Но так как этих несвободных элементов было недостаточно, то приходилось пользоваться трудом беглых крестьян, и Петр в 1722 г. запретил возвращать их законным владельцам, «чьи бы они ни были… понеже интересенты фабрик объявляют, что затем в фабриках их чинится остановка»{737}. И еще годом раньше, в 1721 г., последовал известный указ, имевший крупное значение, ибо он предоставлял «важное право наравне с дворянами как шляхетству, так и купецким людям к тем заводам деревни покупать невозбранно, с позволения берг и мануфактур-коллегии, токмо под такою кондицией, дабы те деревни всегда были уже при тех заводах неотлучно». А к этому прибавлено: «Для того как шляхетству, так и купечеству тех деревень особо без заводов отнюдь никому не продавать и не закладывать и никакими вымыслы ни закем ни крепить… А ежели кто будет заводы заводить токмо для лица малые, чтоб ему тем у кого деревни купить и таковых вымышленников до той покупки отнюдь не допускать и… штрафовать отнятием всего движимого и недвижимого имения»{738}. Петр, как видно, и сам сознавал, к каким последствиям может привести такая мера; он боится, как бы купцы не стали покупать и продавать крестьян без заводов или устраивать небольшие заводы только для виду, чтобы иметь повод для покупки крестьян.

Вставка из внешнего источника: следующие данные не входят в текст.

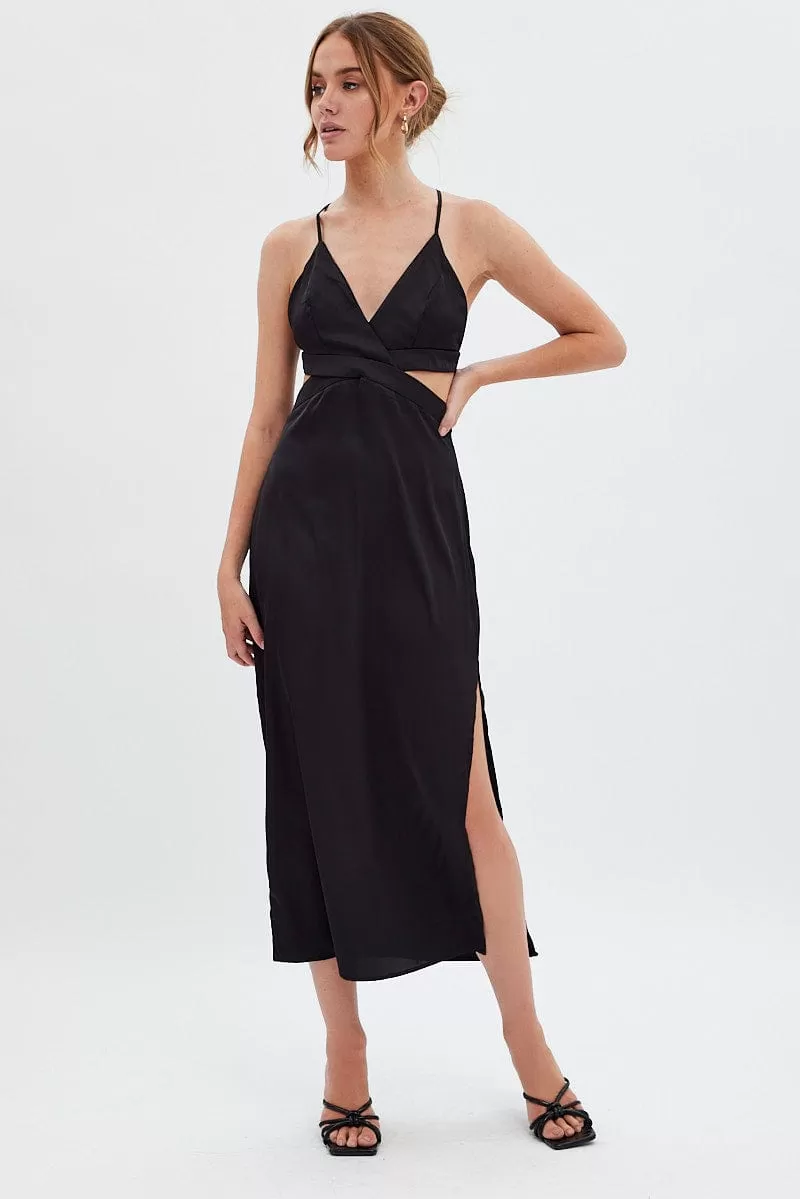 Black Cutout Midi Dress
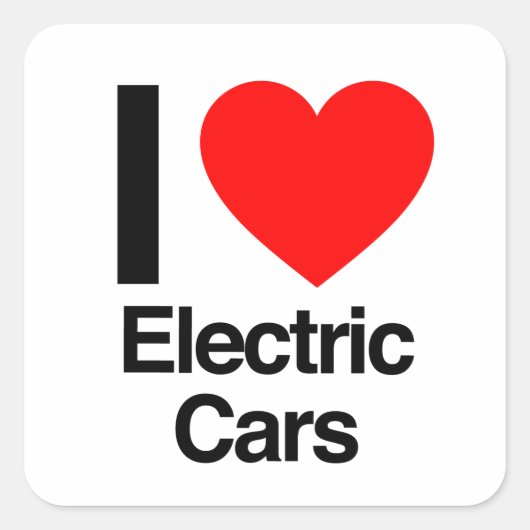 Sticker Carré j'aime les voitures électriques (Devant)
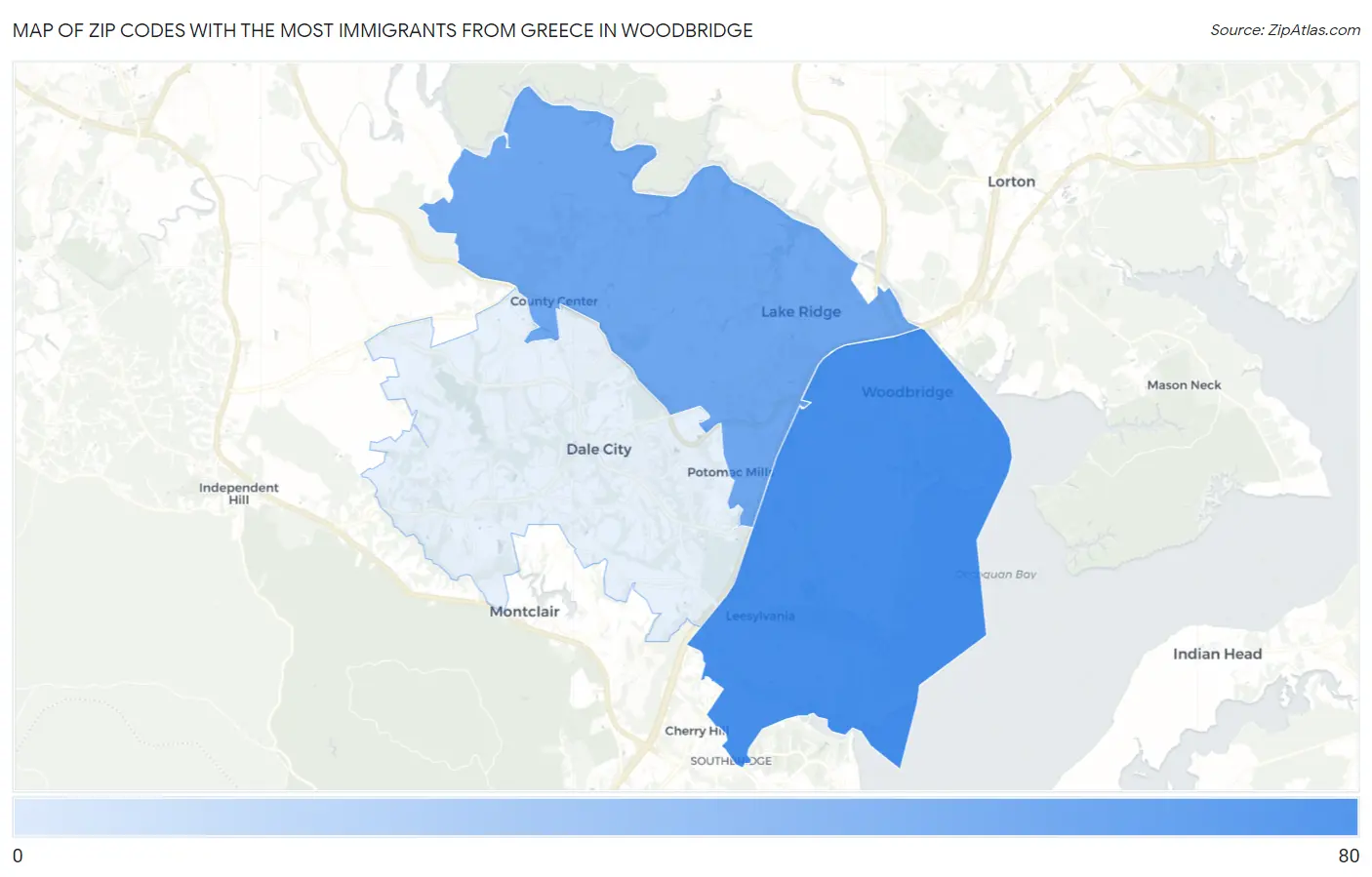 Zip Codes with the Most Immigrants from Greece in Woodbridge Map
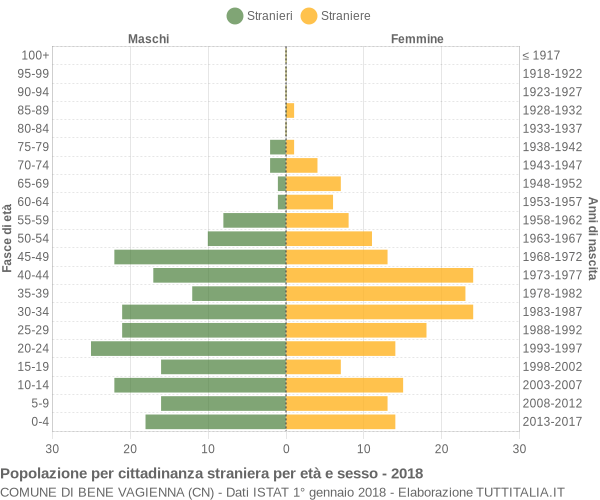 Grafico cittadini stranieri - Bene Vagienna 2018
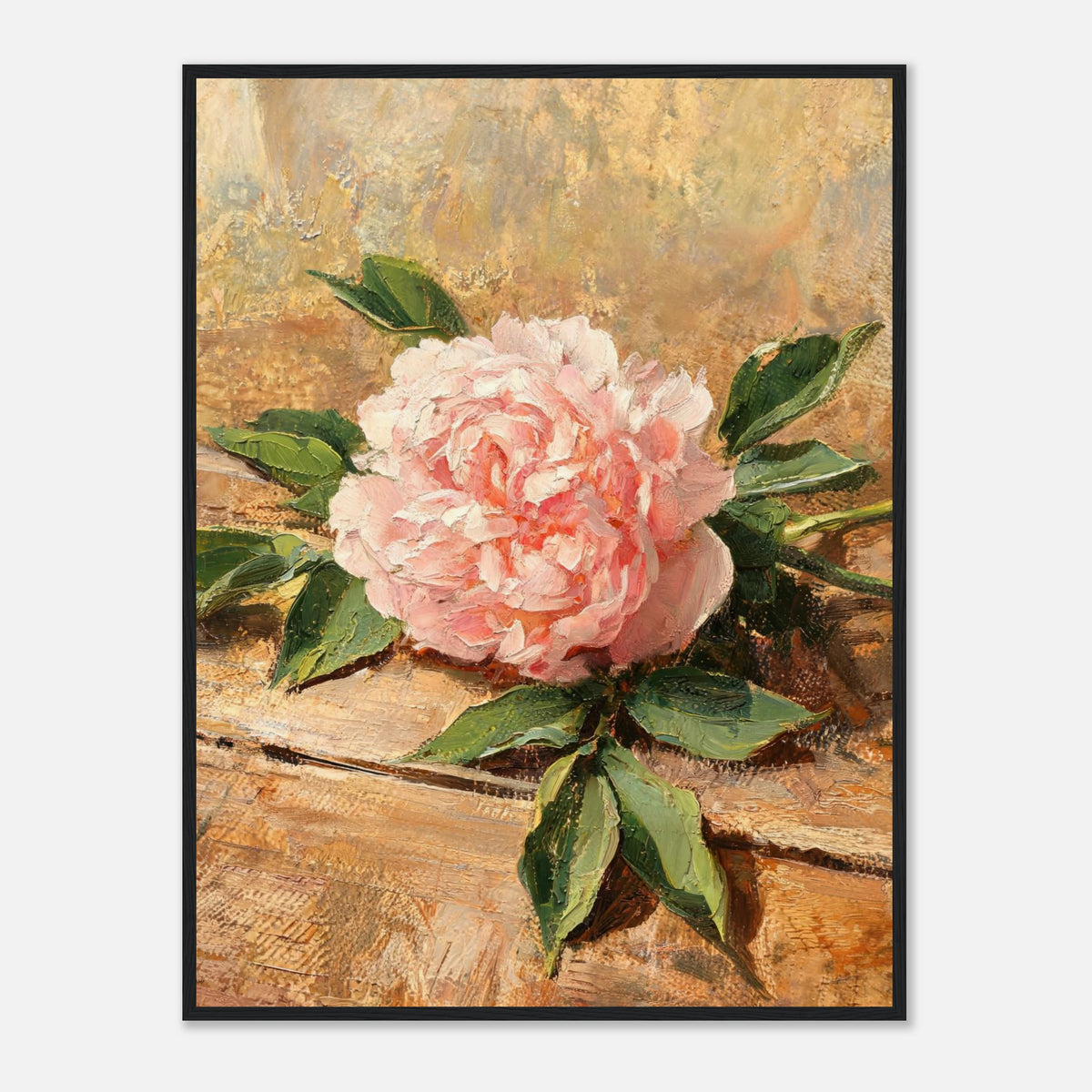 Single Pink Peony on Rustic Wood Impressionist Art Print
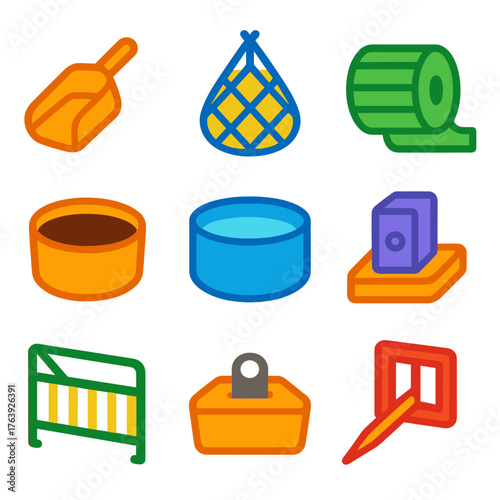 Livestock Feeding Icons. Flat vector icons of livestock feeding gear: grain scoop, hay net, feeding ring, silage wrap, molasses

И все же обстоятельства заставляют его решиться на создание такого особого вида крепостного состояния.

Из этого, однако, еще вовсе не следует, что «отношения труда к капиталу в нашем крупном производстве вылились в совершенно другие формы, чем на Западе» и «вместо капиталистической промышленности, развивающейся в это время на Западе, у нас возникло крупное производство, основанное на принудительном труде». Как мы уже упоминали, и в Западной Европе широко применялся принудительный труд бродяг и нищих, преступников и детей-сирот, и там встречается, например в Австрии, пользование трудом крепостных крестьян. И если покупки деревень к мануфактурам мы там не находим, то все же имелись прикрепленные к ним рабочие, которые не могли уйти из предприятия, иногда даже продавались вместе с ним. Разница лишь в степени, но отнюдь не принципиальная.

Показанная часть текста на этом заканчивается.